Presso l'agenzia saranno istituiti un apposito ufficio delle attività produttive e sindacali, una banca dati delle aziende sequestrate e confiscate. Saranno più veloci i tempi per la verifica della legittima provenienza dei beni, diminuiranno i casi di assegnazione provvisoria e aumenteranno quelli di confisca obbligatoria. Nella nomina degli amministratori giudiziari saranno assicurati criteri di rotazione, trasparenza oltre che una maggiore attenzione alle competenze specifiche necessarie. A garantire più trasparenza all'intero sistema saranno anche obblighi informativi più stringenti per l'autorità giudiziaria in relazione agli avvenuti sequestri; infine, per la valutazione delle necessità relative alla prosecuzione delle attività produttive e per il coordinamento necessario degli interventi presso le prefetture, verranno aperti tavoli permanenti sulle aziende confiscate. Si tratta quindi di un piano di intervento molto ampio per favorire il riuso sociale delle aziende confiscate alle mafie. Un provvedimento che è atteso da tempo da migliaia di cittadini che ogni giorno si battono per creare nei loro territori opportunità di lavoro, di sviluppo nella legalità, anche esponendosi in prima persona al ricatto ed alla minaccia delle organizzazioni criminali. 

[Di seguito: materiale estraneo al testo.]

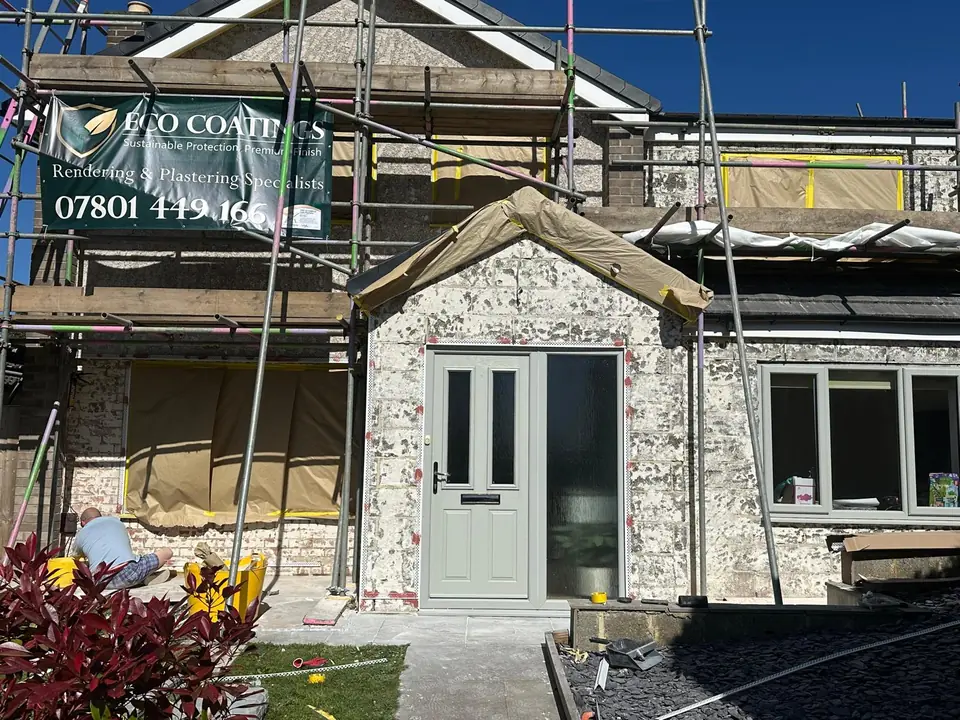 Front of a semi-detached house under scaffolding, with its old textured wall finish, the windows masked up and an Eco Coatings banner on the scaffold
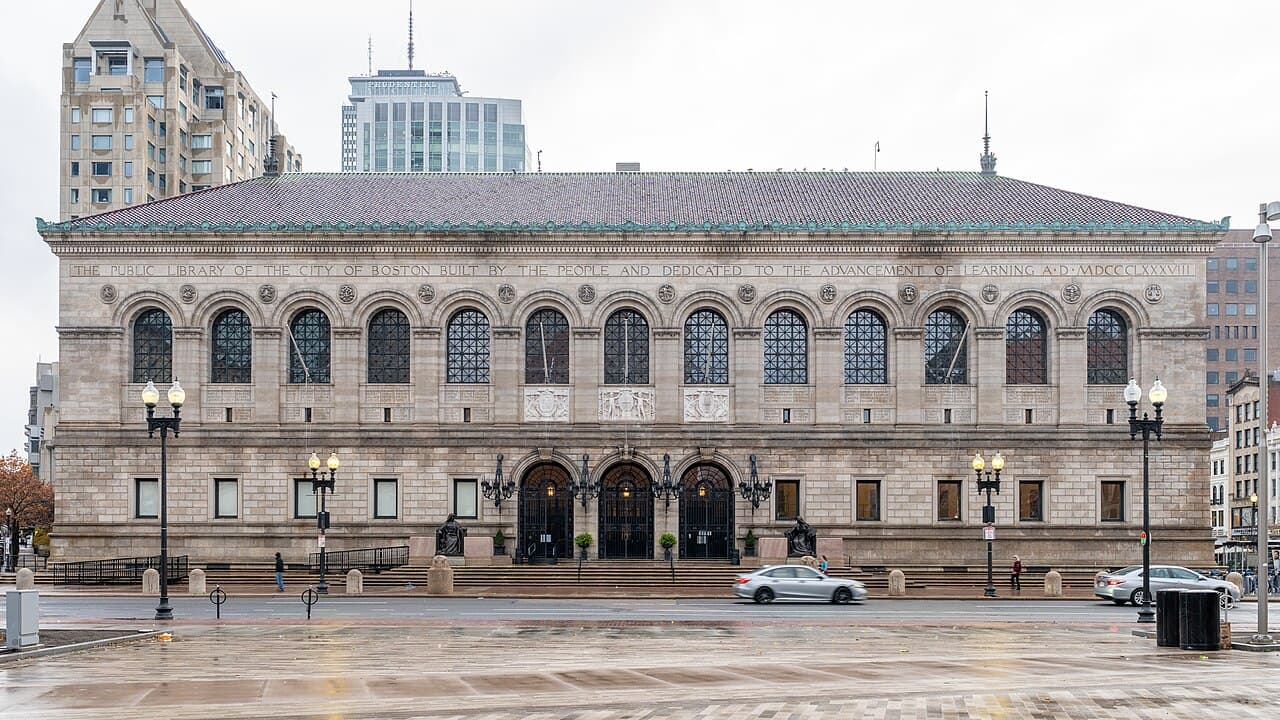 The granite front of the Boston Public Library's McKim Building on Copley Square, with arched windows and lamps by the entrance steps
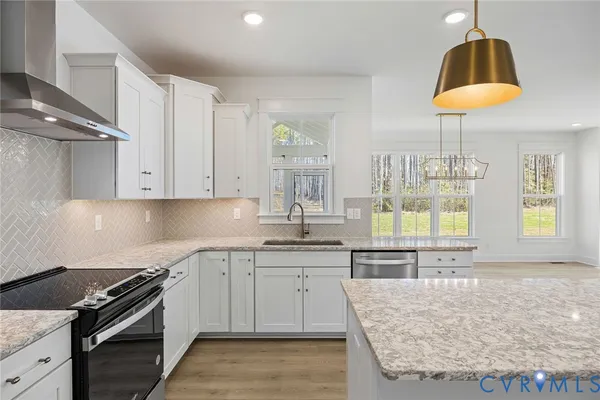 a kitchen with granite countertop a sink stainless steel appliances and cabinets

Una legge, io penso, doppiamente importante perché produce nuove opportunità per lo sviluppo del tessuto economico e produttivo del Paese, ma anche perché rappresenta un prezioso contributo all'affermazione della cultura della legalità democratica, al rafforzamento della responsabilità e della coesione sociale. Non a caso, la genesi di questa legge, come ricordava poc'anzi il relatore, ha visto il protagonismo attivo di tante organizzazioni sociali impegnate nel contrasto alle mafie, a conferma del fatto che la lotta alle mafie sarà tanto più efficace se accanto all'azione di prevenzione, di repressione delle istituzioni preposte vedrà la mobilitazione e il protagonismo attivo delle forze più sane della società. Infatti, le mafie per proliferare nei loro affari hanno bisogno di una società civile debole, hanno bisogno di un tessuto economico e produttivo debole, hanno bisogno di uno spazio pubblico desertificato, devitalizzato e di istituzioni ricattabili, possibilmente. Anche per questo la legge offre un contributo determinante perché sviluppa esattamente gli anticorpi a tutto questo, perché rafforza nel Paese gli anticorpi necessari a contrastare i poteri criminali e ad affermare la cultura della legalità che è cultura della partecipazione civica del bene comune, della coesione sociale, della partecipazione democratica.